=== Dataset records ===
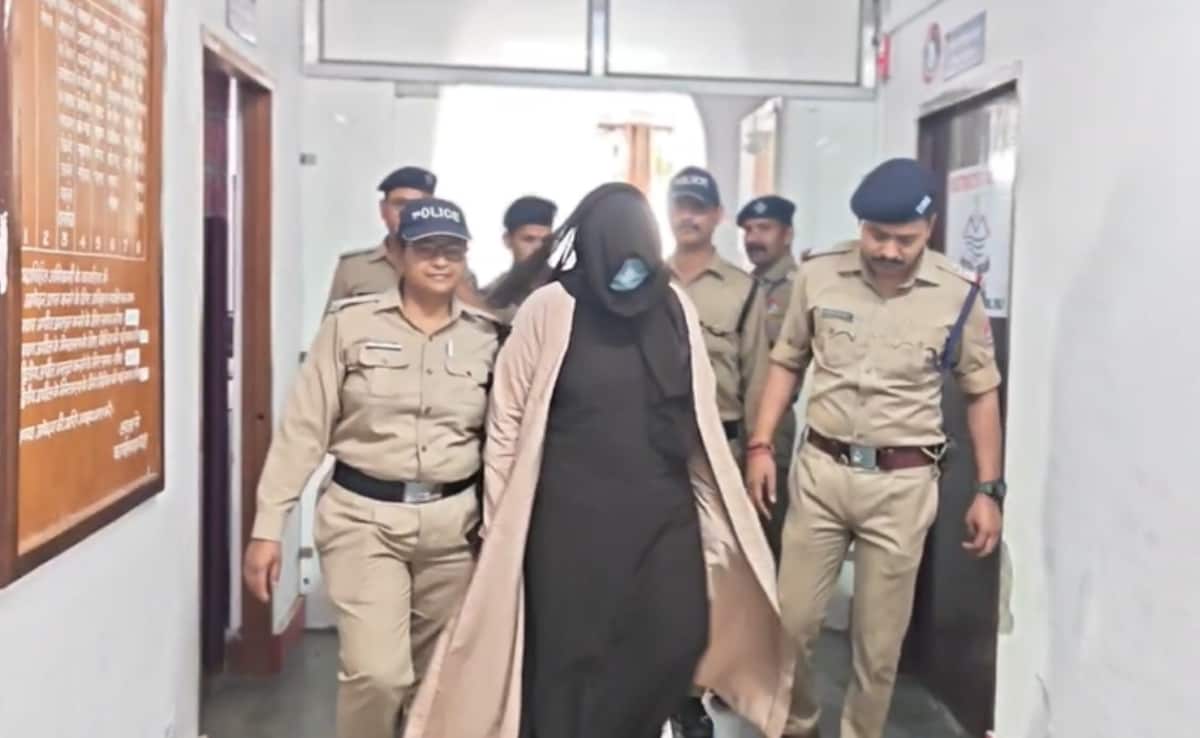 बुर्के में नशे का खेल, 36 लाख की स्मैक के साथ पकड़ी गई महिला तस्कर जोया 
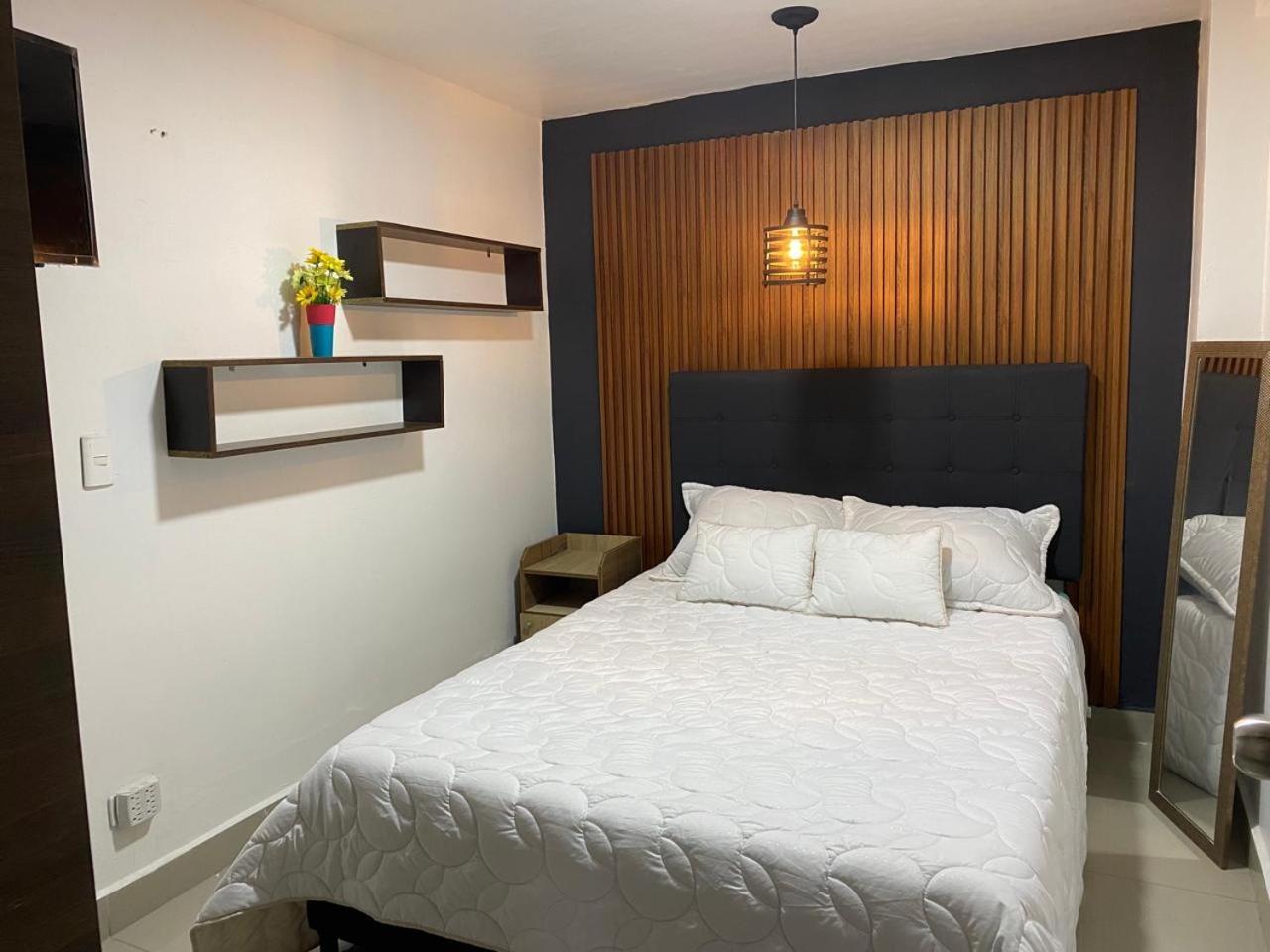 Apartment 32 Confortable Apartamento Con Balcon En Laureles Estadio Medellin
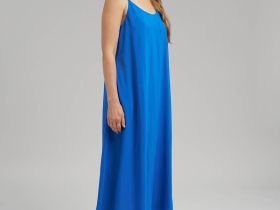 Свободное платье миди на бретелях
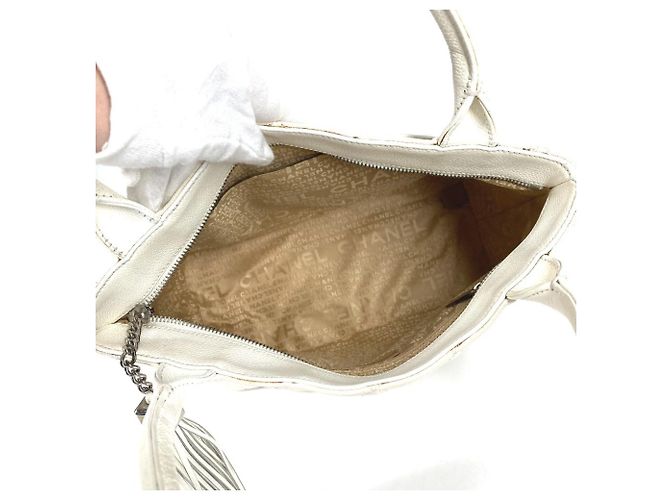 Borsa tote Reissue matelassé di Chanel Bianco - vista 14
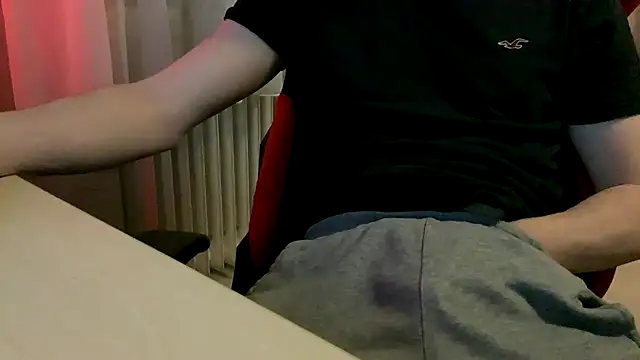 cockboy2004 online show from January 31, 7:29 pm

=== What the exercise asks ===
Word for word, reproduce the material above and omit each image.

=== Answer area ===
 बुर्के में नशे का खेल, 36 लाख की स्मैक के साथ पकड़ी गई महिला तस्कर जोया 
 Apartment 32 Confortable Apartamento Con Balcon En Laureles Estadio Medellin
 Свободное платье миди на бретелях
 Borsa tote Reissue matelassé di Chanel Bianco - vista 14
 cockboy2004 online show from January 31, 7:29 pm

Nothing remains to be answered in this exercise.